UC & BEYOND

Affirmative action watch

The U.S. Supreme Court declined Jan. 19 to delay Michigan's new ban on affirmative-action preferences, a move that will require three public universities in the state to continue admitting students without regard to their race, gender, or ethnicity, according to a report by the Bloomberg news service.

The court let stand a ruling last month by the U.S. Court of Appeals for the Sixth Circuit, which said that the ban approved by Michigan voters in November 2006 should go into effect immediately.

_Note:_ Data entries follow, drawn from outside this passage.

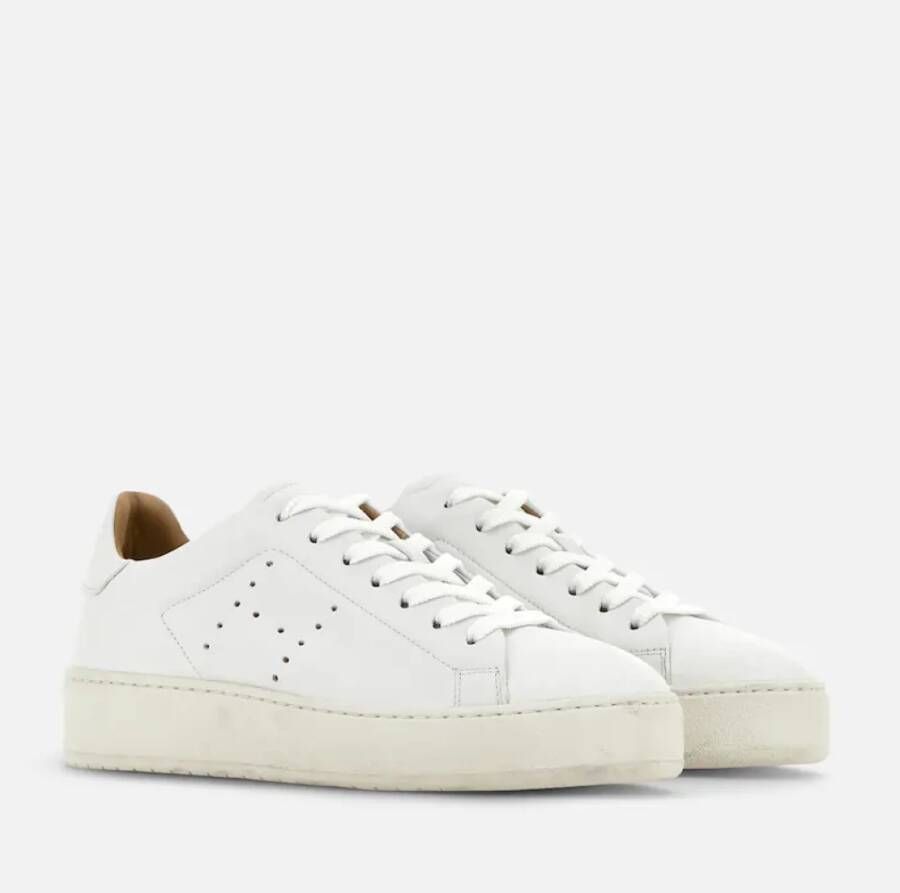 Hogan Witte geperforeerde sneakers met zachte fussbett White Dames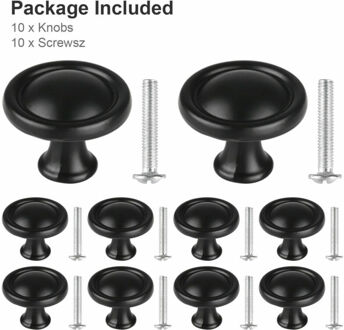 Schroeven Knop Handle Grip 10/20 Stuks Meubelen Deur Lade Knop Handle Pull 10stk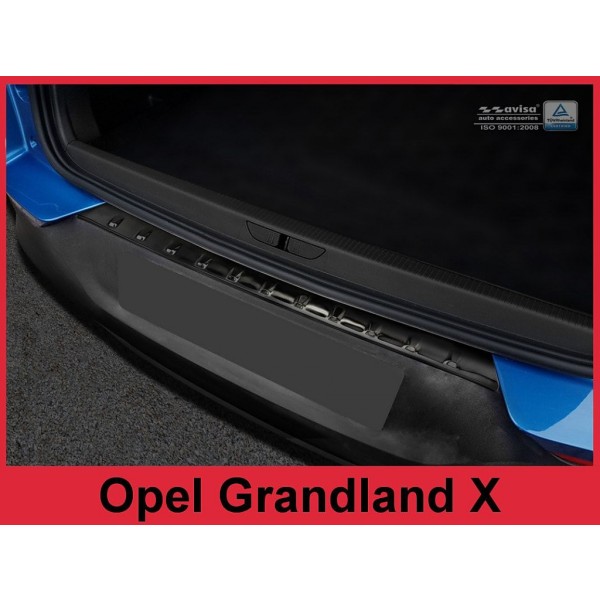 NEREZ Kryt prahu zadních dveří Opel Grandland X - černý grafit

For-profit colleges and aid

Students at for-profit colleges in California will remain eligible for federal student aid after the state's Bureau for Private Postsecondary and Vocational Education closes on June 30, the U.S. Department of Education announced. State officials had requested the department clarify the eligibility question last fall after Gov. Arnold Schwarzenegger vetoed a bill that would have provided a one-year extension of the bureau. The education department found that federal law requires only that colleges comply with state laws, not that they be authorized by a state.

University endowments

Stanford University's endowment grew to $14 billion in 2006, making it the third-wealthiest university in the nation behind Harvard and Yale, according to the San Francisco Chronicle

UC ranked No. 8 with a $5.7 billion endowment, and the University of Southern California, No. 22, with more than $3 billion. Across the nation, university endowments performed well in 2006, posting a 10.7 percent average rate of return.

UCLA taser case lawsuit

A student who was on the receiving end of taser shocks from police at UCLA has filed a lawsuit charging the university with using excessive force and violating the Americans With Disabilities Act, the Los Angeles Times reported. Campus police allegedly shocked Mostafa Tabatabainejad multiple times in a UCLA library when he refused to show his identification. A video of the incident circulated widely on the Internet and broadcast outlets, triggering multiple law enforcement reviews.

Student politics, spirituality

This year's entering college freshmen are discussing politics more frequently than at any point in the past 40 years and are becoming less moderate in their political views, according to the results of UCLA's annual survey of the nation's entering undergraduates. In another finding, new data shows that many students whose religious beliefs lead them to take views that are seen as conservative on social issues do not necessarily identify themselves as conservative. The Freshman Survey is run by the Higher Education Research Institute at UCLA. To read the studies, visit www.gseis.ucla.edu/heri/heri.html, and then click on "Recent Findings."

Tobacco vote postponed

The UC Board of Regents Jan. 18 delayed a decision on whether UC researchers can continue to accept money from tobacco companies. The vote will take place in May so faculty members could have more time to come to a consensus. The issue has divided faculty across the state. Philip Morris USA is the only tobacco company to fund current UC research, paying nearly $16 million for 19 studies across the 10 campus system.

Now that's a losing streak

The men's basketball team of the California Institute of Technology ended a 59-game losing streak Jan. 6, defeating Bard College, 81-52. The Caltech team's last victory was Nov. 22, 2004. The next goal for the Beavers is to end a 245-game, 21-year losing streak in the Southern California Intercollegiate Athletic Conference.